The book is set in the latter part of the 16th century as the tale of two soldiers returning to their homeland of Perigord after taking part in many battles, to retire. However the country is descending into chaos, with religious strife, famine, plague and pestilence, bands of robbers, and of course the English. The two Jeans, the eponymous Brethren, are actually only brothers in arms who retire to a castle to found a community
This is the first book in the epic historical drama, Fortunes of France, which has sold 5 million copies worldwide and has now been translated in English for the first time.
This is old-fashioned story-telling. It has swagger and, vibrancy with big characters and a lot of historical depth. It is a gripping story with humour and strength and real attention to historical detail… Merle initially wrote it as a one-off novel, but readers clamoured for more and the final volume was published a year before his death in 2004, aged 95.
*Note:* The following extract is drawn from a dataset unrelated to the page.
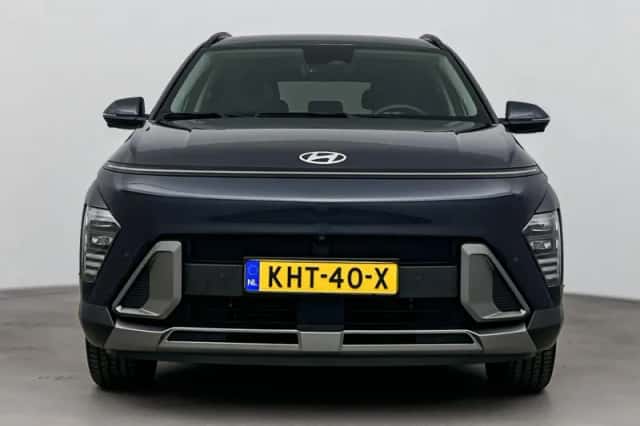 Hyundai Kona (2023) thumbnail 5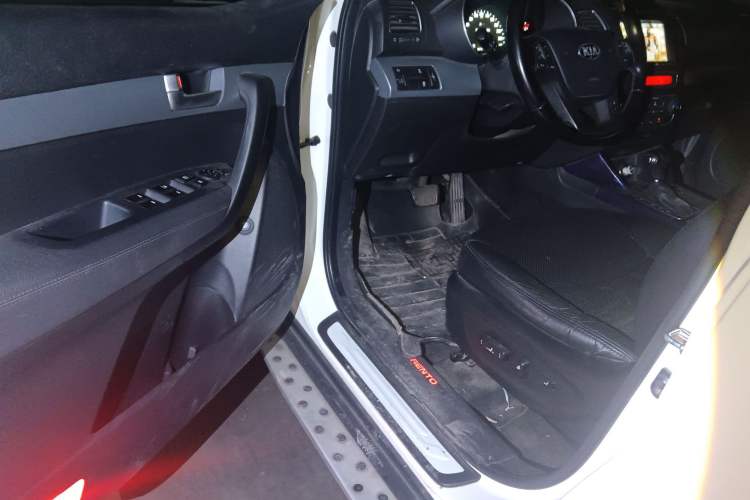 Used Kia Sorento 2013 2.4L 7-Seater Gasoline Comfort Version China IV Standard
This has got to be a good read if you are an aficionado of this genre and enjoy the recent epic tales of Tudor England. This will fit nicely into the historical tapestry of 16th Century Europe.
Personally I found the opening hard to follow as inevitably there were many historical references to set the scene, but once I got used to the unusual prose style, presumably to give authenticity, I allowed the story to dictate the pace rather than the sequence of words.
It may also be less fluid because this is a translation from the original French but it is still worth persevering and there are the next 12 volume to anticipate.
The Brethren is published in paperback on 11th September by Pushkin Press and is also available as an EBook.